The key to the problem isn't necessarily whether there are still any living American POWs in North Korea itself. The question has always been, were ther e any men held back, period, and for how long. Besides, from the way the Soviets, Chinese, Bloc countries and North Koreans structured the covert POW operation, the POWs were not supposed to remain in North Korea after the war anyway, unless they agreed to defect and renounce their U.S. citizenship. Most of the POWs had been transferred to Siberia, China, or Moscow by way of Prague and East Germany before the war ended.
At the same period in history, by the way, about five thousand French Foreign Legionnaires (consisting of Poles, Russians, Germans, and Eastern Europeans who had joined the Legion to escape both postwar Germany and the Soviets) were being transferred back to their communist-dominated governments in a Moscow-Viet Minh combined operation. Most of these Foreign Legionnaires died in gulags or were executed outright.
The pertinent issue that should be investigated, and exposed, is the North Korean covert operation, mandated and supported by Moscow, to exploit American and UN POWs and to transport them from North Korea to Siberia, Moscow, and other points in the communist realm.

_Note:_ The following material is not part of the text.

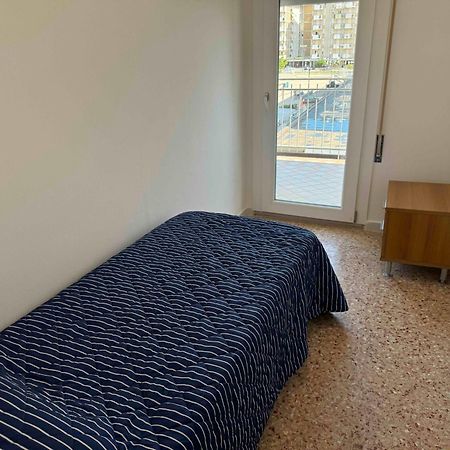 Family Apartment Piazza Milano - Jesolo Ngoại thất bức ảnh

Nowhere in the DMO press releases of the past three years, or the past 40 years for that matter, have the American families or the public read a statement that said "U.S. officials have demanded the North Koreans account for the U.S. POWs that it knows were transferred to the Soviet Union and China. Washington demands an end to the lies and insists on an explanation of the operation that exploited those POWs during the Cold War."
Wouldn't that be refreshing. Not to mention courageous and honorable. But, diplomatic? Of course not. Expedient? Certainly not.
Only by focusing pressure on the real, fundamental issue, which is the "deception operation" that took place under the command and control of the Soviet intelligence apparatus, will any real answers ever be obtained. Chatting with four, possibly naive deserters, would serve a propaganda agenda.
Diddling with four enlisted defectors of a different era, is only a smoke screen employed by bureaucrats in both camps.
*In keeping with DPMO's practice of eliminating "POWs" from its daily agenda, the author has eliminated that aspect from its bureaucratic title to reflect their true priorities, hence "DMO"."